Competing for delegate attention has never been easy. Now, with the rise of virtual events, the power of connecting with audiences in-person is becoming clear. 

Author: Chantal Sturk-Nadeau       

virtual events

Ottawa, home of the Shaw Centre, is one of Canada’s main tech hubs. Delegates meeting there for live events can get first-hand exposure to developments in many industries, something not possible during a virtual event. (Courtesy Destination Canada)

Global Voices is a series of occasional editorials offering perspectives from international professionals in the business events, destination, and travel industries.

virtual events

After almost six months of webinars, conference calls, and online meetings, we recognize now — perhaps more than ever before — the important role business events play in facilitating and supporting the exchange of ideas, building networks, and fuelling innovation. Thanks to an endless stream events experienced from home, we know now more than ever that while it is possible to share knowledge across platforms and screens, when it comes to authentically engaging with audiences, there is no substitute for the creativity and energy that ignites when groups of like-minded people come together in the same place.

Once we can meet again safely with travel restrictions and gathering limitations lifted for in-person events, it will be more important than ever to consider the purpose of hosting live events and evaluate it against the organization’s mission to answer this question: Is the opportunity for learning, collaboration, and mission advancement best done online, or is it best done in person?
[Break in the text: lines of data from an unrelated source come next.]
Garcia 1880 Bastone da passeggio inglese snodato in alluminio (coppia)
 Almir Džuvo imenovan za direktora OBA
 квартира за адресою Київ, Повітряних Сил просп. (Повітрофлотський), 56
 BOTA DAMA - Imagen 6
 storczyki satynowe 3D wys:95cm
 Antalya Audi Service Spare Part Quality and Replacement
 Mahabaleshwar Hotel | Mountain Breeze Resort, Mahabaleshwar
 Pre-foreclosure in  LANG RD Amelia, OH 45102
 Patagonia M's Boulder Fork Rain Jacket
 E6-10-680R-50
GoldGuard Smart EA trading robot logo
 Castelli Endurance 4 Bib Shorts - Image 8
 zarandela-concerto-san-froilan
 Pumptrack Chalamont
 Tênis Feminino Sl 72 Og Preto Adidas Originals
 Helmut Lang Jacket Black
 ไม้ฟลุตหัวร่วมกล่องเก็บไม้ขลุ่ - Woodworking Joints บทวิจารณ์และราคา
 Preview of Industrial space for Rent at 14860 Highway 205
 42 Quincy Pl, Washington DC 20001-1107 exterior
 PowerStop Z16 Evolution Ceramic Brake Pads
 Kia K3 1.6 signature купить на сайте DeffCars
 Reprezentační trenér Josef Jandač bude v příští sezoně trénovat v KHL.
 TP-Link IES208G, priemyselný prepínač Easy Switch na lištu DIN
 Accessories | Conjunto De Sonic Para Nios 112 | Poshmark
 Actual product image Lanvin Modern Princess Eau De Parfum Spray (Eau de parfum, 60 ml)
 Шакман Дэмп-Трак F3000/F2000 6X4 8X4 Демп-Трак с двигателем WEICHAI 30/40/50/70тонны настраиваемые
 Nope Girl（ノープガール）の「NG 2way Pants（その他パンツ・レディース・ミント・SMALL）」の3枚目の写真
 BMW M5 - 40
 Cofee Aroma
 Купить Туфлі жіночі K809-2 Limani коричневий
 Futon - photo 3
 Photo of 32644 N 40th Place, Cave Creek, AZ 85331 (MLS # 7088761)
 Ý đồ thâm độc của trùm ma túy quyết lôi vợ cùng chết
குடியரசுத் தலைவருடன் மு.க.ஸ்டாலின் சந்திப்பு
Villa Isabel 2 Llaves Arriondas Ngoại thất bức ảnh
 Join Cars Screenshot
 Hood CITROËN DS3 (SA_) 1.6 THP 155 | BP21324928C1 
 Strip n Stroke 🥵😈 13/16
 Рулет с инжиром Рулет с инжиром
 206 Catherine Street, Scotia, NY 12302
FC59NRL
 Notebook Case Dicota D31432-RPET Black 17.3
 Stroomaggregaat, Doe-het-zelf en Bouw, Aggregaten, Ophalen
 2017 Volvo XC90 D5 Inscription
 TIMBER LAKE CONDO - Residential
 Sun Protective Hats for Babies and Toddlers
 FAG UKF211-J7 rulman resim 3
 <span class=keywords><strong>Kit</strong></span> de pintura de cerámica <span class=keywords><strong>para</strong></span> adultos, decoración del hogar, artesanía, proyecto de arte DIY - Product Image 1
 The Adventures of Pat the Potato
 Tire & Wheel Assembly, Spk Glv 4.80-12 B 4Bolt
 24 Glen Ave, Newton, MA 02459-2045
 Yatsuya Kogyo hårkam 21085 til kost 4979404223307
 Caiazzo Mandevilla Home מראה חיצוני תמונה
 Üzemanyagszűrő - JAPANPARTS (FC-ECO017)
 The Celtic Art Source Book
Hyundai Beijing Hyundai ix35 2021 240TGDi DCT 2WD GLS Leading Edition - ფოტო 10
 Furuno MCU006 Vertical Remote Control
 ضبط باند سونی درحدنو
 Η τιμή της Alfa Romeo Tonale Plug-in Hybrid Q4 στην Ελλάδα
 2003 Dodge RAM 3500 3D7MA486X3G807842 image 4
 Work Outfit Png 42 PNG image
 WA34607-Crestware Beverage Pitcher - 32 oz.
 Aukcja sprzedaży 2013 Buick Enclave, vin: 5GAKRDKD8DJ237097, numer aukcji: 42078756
Like the technologies we have all become so accustomed to using in the absence of in-person meetings (and the ones we’ll soon become used to in the new era of hybrid conferences), business events have the power to accelerate progress, lead to innovation and reinvention, and are critical to economic recovery — not just for conference organizers, but for the event’s host communities as well.

International business events are magnets for content-hungry individuals and for those with investment resources. Our role within Destination Canada is to spotlight Canada’s innovation industries to connect event organizers with Canadian innovators to create the sort of events global audiences will travel to experience. We know from successful events such as the World Summit AI North America, the Collision Conference, and the VR/AR Summit, that business events spark new ideas, foster new relationships, and forge new collaborative networks. A resource for innovation and invention sharing, business events can help shape policy-making, create new opportunities for trade, investment, and business expansion — all of which will be critical for a robust economic recovery and future resilience of our industry.


Previous Global Voices: ‘It’s Who We Are as a Species’


We know the value of tactile learning: touching, hearing, and otherwise interacting with innovation ecosystems and technologies to create engaging learning environments. Business events, whether they are trade shows, conventions, symposia, or corporate meetings, provide a unique opportunity for delegates and exhibitors to launch new technologies, connect with their target audience for real-time feedback on new products and services, and for delegates to safely sample a new culture through the organized social event program.

Business events have the power to progress change and transform societies. Consider CAV-Canada, the Connected Autonomous Vehicles — by choosing to host it in Ottawa, researchers and delegates alike get to experience L5, the first integrated CAV track of its kind in North America. The experiences had during this event inform the future development of next-gen networks and CAVs, and will impact the way driverless cars of the future are developed. You simply cannot replicate this gathering of knowledge with a virtual event.

Like many, our calendars used to be perpetually full of conferences, trade shows, and client events, many of which have been replaced by virtual experiences. And as interesting as the online events have been, we can’t help but miss the hallway conversations, the serendipitous moments of connection that aren’t scheduled into a program or agenda. The discussions aboard an event shuttle that can lead to a new way of thinking, or the fresh ideas sparked when listening together to local thought-leaders who know their industry’s ecosystem best. Remember the new connections you used to make when networking with strangers gathered together for a common purpose? Or the thrill of discovery that can only be had winding your way along a trade-show floor — touching, sampling, listening, and being one of the first to experience a new product just as it’s launched?

We will return to those days, when it is safe to do so. And when we do bring our industry, our experts, thought leaders, academia, and business leaders together to meet in person again, the end result will be a true meeting of the minds that generates conversation, connection and collaboration and a path forward for individuals seeking career advancement, for organizations seeking to expand their audience and imprint, and for host communities intent on creating economic resiliency.

Chantal Sturk-Nadeau is executive director, business events, for Destination Canada.